Once the line holding "TLXT Deck-Mounted Bathtub" is found in the entries below, transcribe exactly every line up to and including the one holding "Sanatura FruitCubes Bio Manuka Immun* 12er", but leave out the pictures.

━━━━━ Exercise material ━━━━━

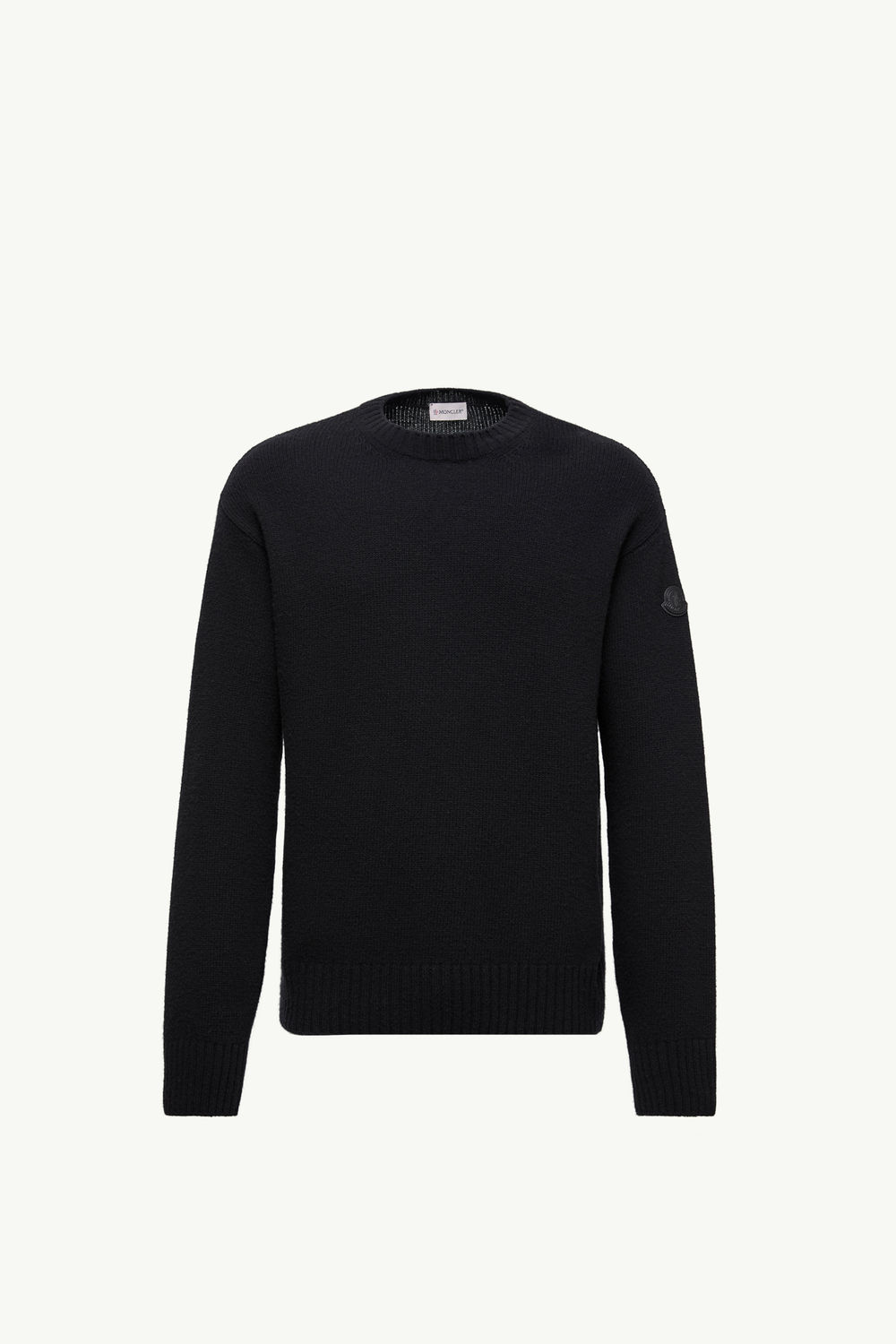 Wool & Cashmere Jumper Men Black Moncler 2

━━━━━
━━━━━ Exercise material ━━━━━

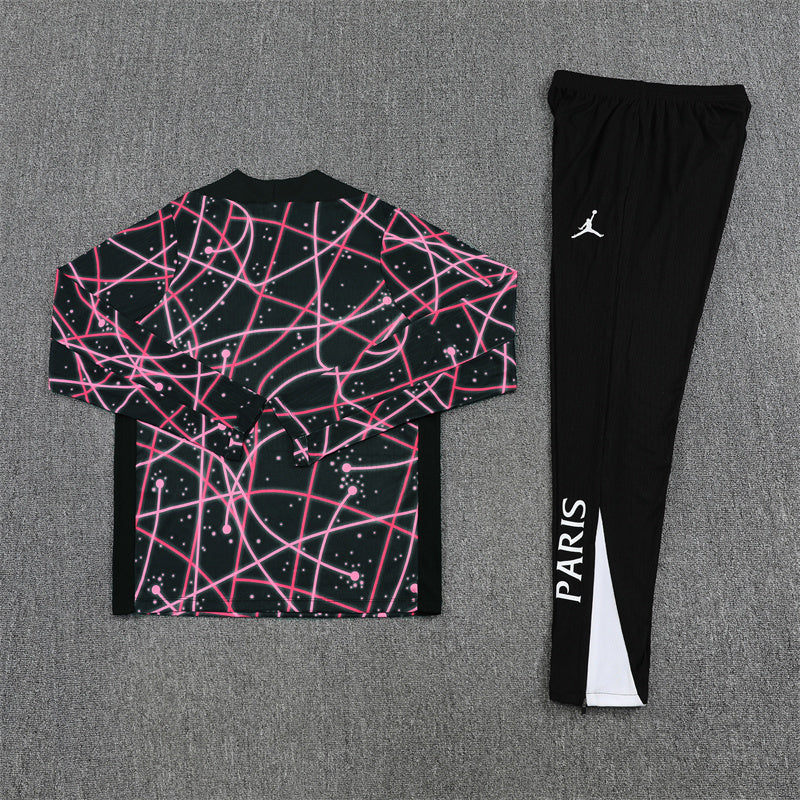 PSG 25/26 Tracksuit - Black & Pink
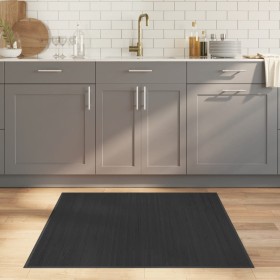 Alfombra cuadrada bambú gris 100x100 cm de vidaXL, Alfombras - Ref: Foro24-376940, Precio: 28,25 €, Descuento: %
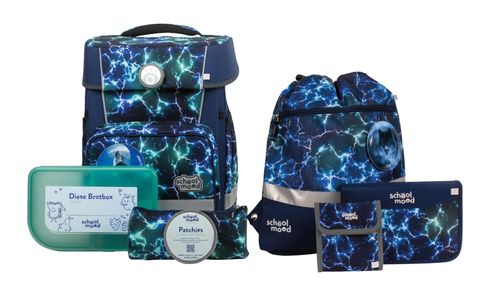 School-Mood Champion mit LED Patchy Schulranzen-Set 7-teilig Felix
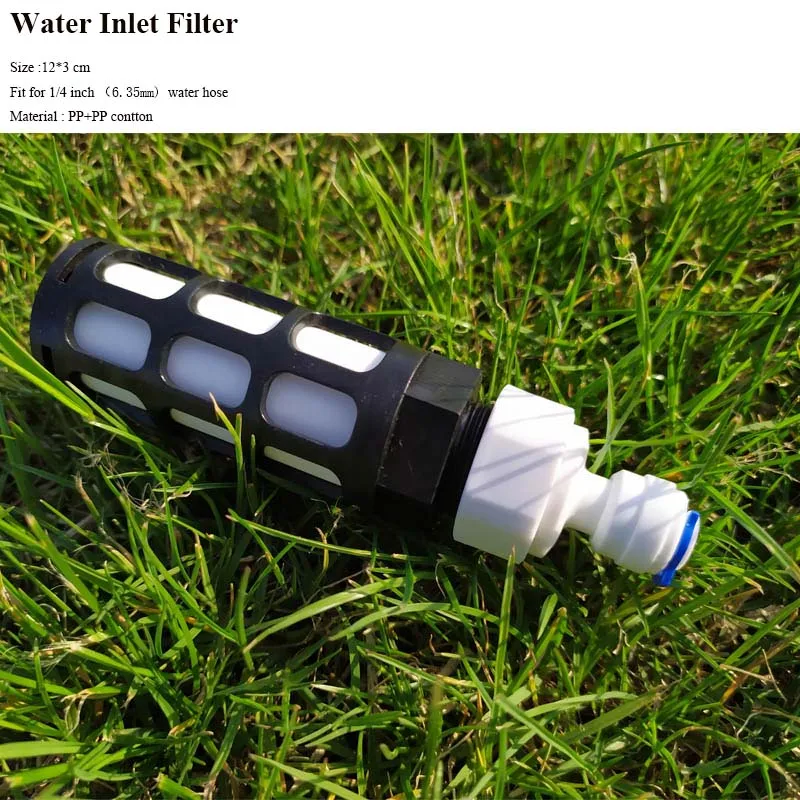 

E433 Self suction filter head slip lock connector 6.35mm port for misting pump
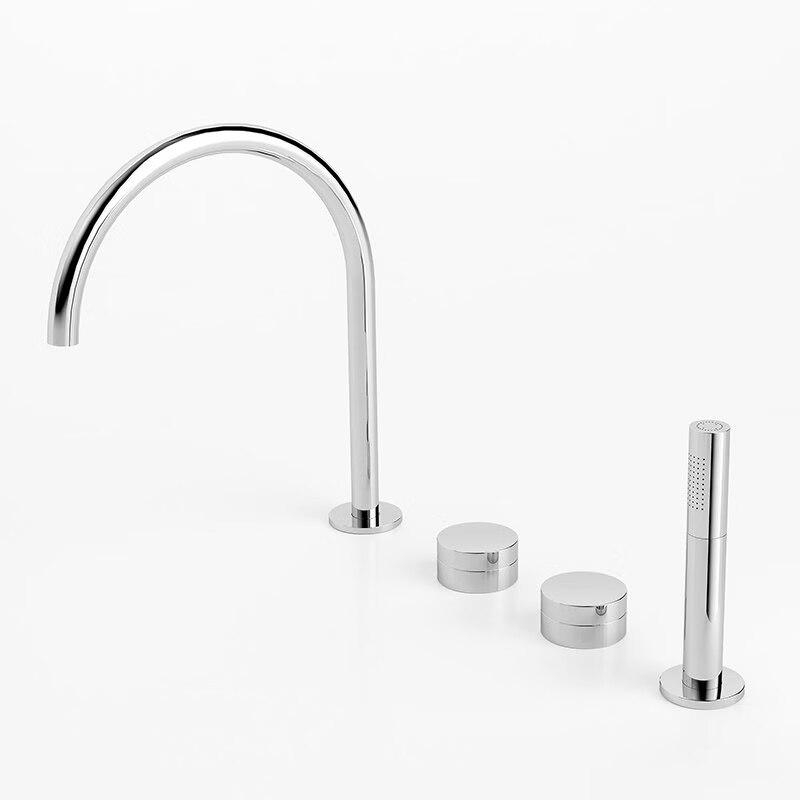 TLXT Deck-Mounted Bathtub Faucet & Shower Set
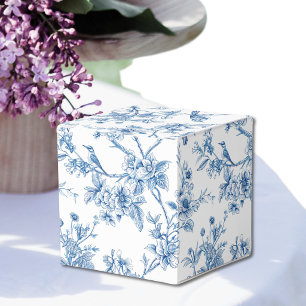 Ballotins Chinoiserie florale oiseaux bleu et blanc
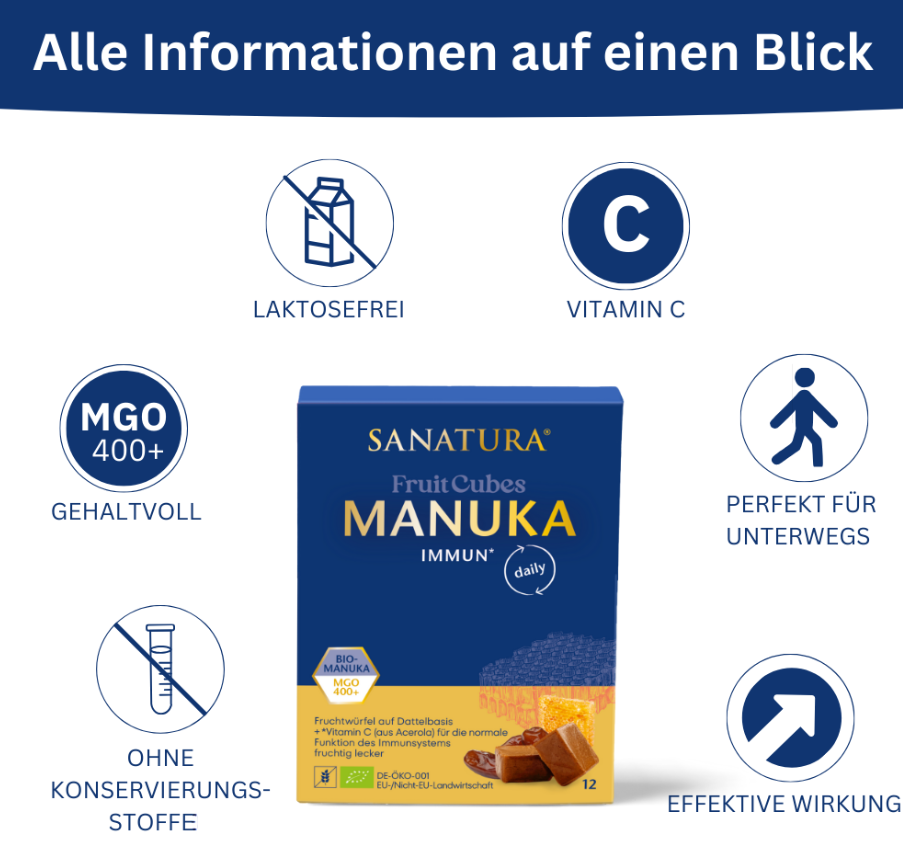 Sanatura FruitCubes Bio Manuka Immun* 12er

━━━━━

Exercise output:
 TLXT Deck-Mounted Bathtub Faucet & Shower Set
 Ballotins Chinoiserie florale oiseaux bleu et blanc
 Sanatura FruitCubes Bio Manuka Immun* 12er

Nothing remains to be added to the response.